Texture Interpolation for Probing Visual Perception

Authors: Jonathan Vacher, Aida Davila, Adam Kohn, Ruben Coen-Cagli

NeurIPS 2020 | Conference PDF | Archive PDF | Plain Text | LLM Run Details

Reproducibility Variable Result LLM Response
Research Type Experimental We apply our method by measuring the perceptual scale associated to the interpolation parameter in human observers, and the neural sensitivity of different areas of visual cortex in macaque monkeys. In psychophysics, we use Maximum Likelihood Difference Scaling (MLDS [29, 32]) to measure the perceptual scale of the interpolation weight (i.e. the position of the interpolated texture on the geodesic joining two textures). In neurophysiology, we study the tuning of visual cortical neurons in areas V1 and V4 to interpolation between a naturalistic texture and a spectrally matched Gaussian texture.
Researcher Affiliation Academia Jonathan Vacher Albert Einstein College of Medicine Dept. of Systems and Comp. Biology 10461 Bronx, NY, USA jonathan.vacher@ens.fr; Aida Davila Albert Einstein College of Medicine Dominick P. Purpura Dept. of Neuroscience 10461 Bronx, NY, USA adavila@mail.einstein.yu.edu; Adam Kohn Ruben Coen-Cagli Albert Einstein College of Medicine Dept. of Systems and Comp. Biology, and Dominick P. Purpura Dept. of Neuroscience 10461 Bronx, NY, USA adam.kohn@einsteinmed.org ruben.coen-cagli@einsteinmed.org
Pseudocode No The paper describes mathematical formulations and procedures but does not include any explicit pseudocode blocks or algorithms labeled as such.
Open Source Code Yes We provide code to perform texture synthesis and interpolation that can be run using a simple command line on a computer with a nvidia GPU or CPUs only1. 1https://github.com/Jonathan Vacher/texture-interpolation
Open Datasets Yes We used 32 natural textures from the dataset of [7] and 32 natural images from BSD [1].

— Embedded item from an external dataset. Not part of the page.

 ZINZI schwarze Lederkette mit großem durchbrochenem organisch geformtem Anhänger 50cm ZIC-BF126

Dataset Splits No The paper mentions “cross-validated (5 folds) classification performance” for neural decoding analysis but does not specify training, validation, or test dataset splits for the main texture synthesis/interpolation models or for the overall experimental reproduction.

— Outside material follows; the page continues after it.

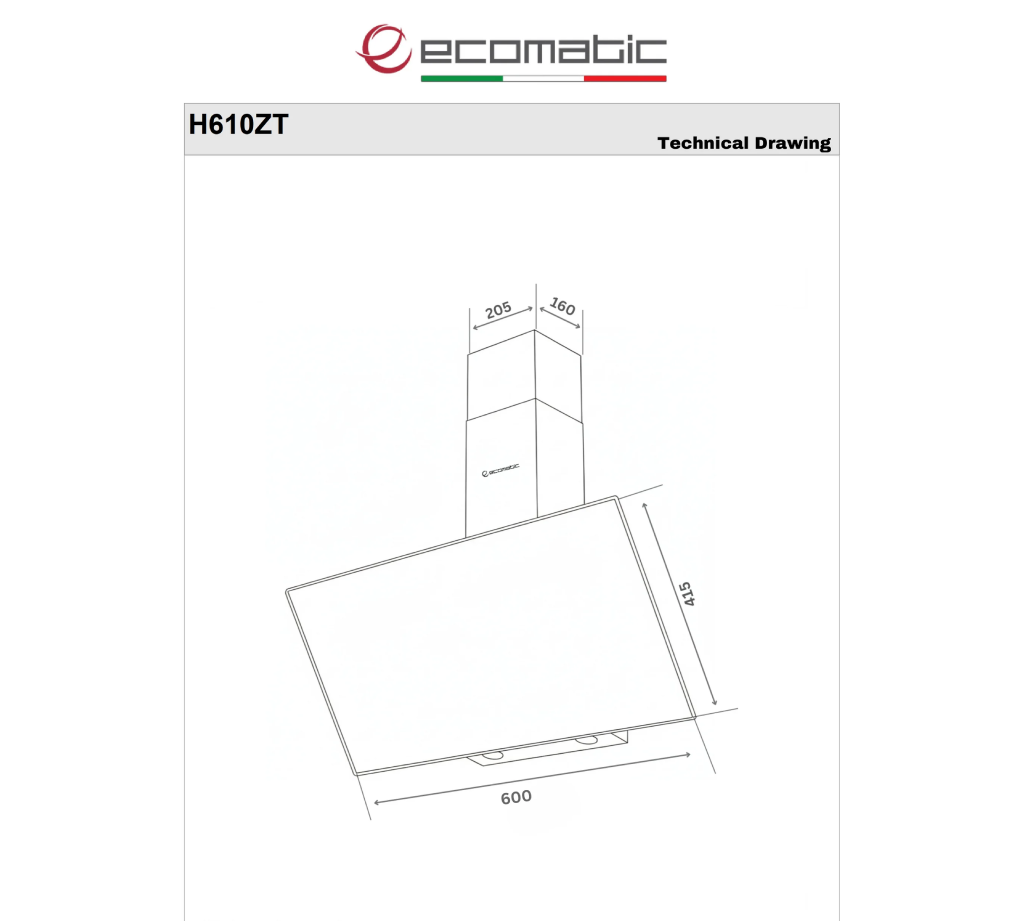 شفاط مطبخ إيكوماتيك (Ecomatic) ديكوري مائل 60 سم زجاج كريستال أسود قوة 1000 م³/ساعة بتتحكم تاتش وريموت كنترول – موديل H610ZT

Hardware Specification No The paper states that the code “can be run using a simple command line on a computer with a nvidia GPU or CPUs only,” but it does not provide specific models or detailed specifications for the GPUs, CPUs, or any other hardware used for the experiments.

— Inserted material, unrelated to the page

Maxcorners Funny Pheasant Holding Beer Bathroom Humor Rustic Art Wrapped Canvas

Software Dependencies No The paper mentions software like “scikit-learn [37],” “psychtoolbox [28],” and “jspsych [9]” but does not provide specific version numbers for these or any other software dependencies.
Experiment Setup Yes All stimuli had an average luminance of 128 (range [0, 255]) and an RMS contrast of 39.7. For each texture pair, we use 11 equally spaced (δt = 0.1) interpolation weights. Monitor gamma was corrected to 1 assuming the standard value of 2.2. Textures were interpolated between synthesized naturalistic textures (t = 1) and their spectrally matched Gaussian counterpart (t = 0) at 5 different weights (t = 0.0, 0.3, 0.5, 0.7, 1.0). All stimuli had their luminance normalized as in the MLDS experiment and were presented at 5 different sizes (2 , 4 , 6 , 8 , 10 ) on a CRT monitor. A successful trial consisted of the subject maintaining fixation over a central 1.4 window for 1.3 seconds. During this time we presented a sequence of 3 textures displayed for 300-ms each and immediately followed by a 100-ms blank screen.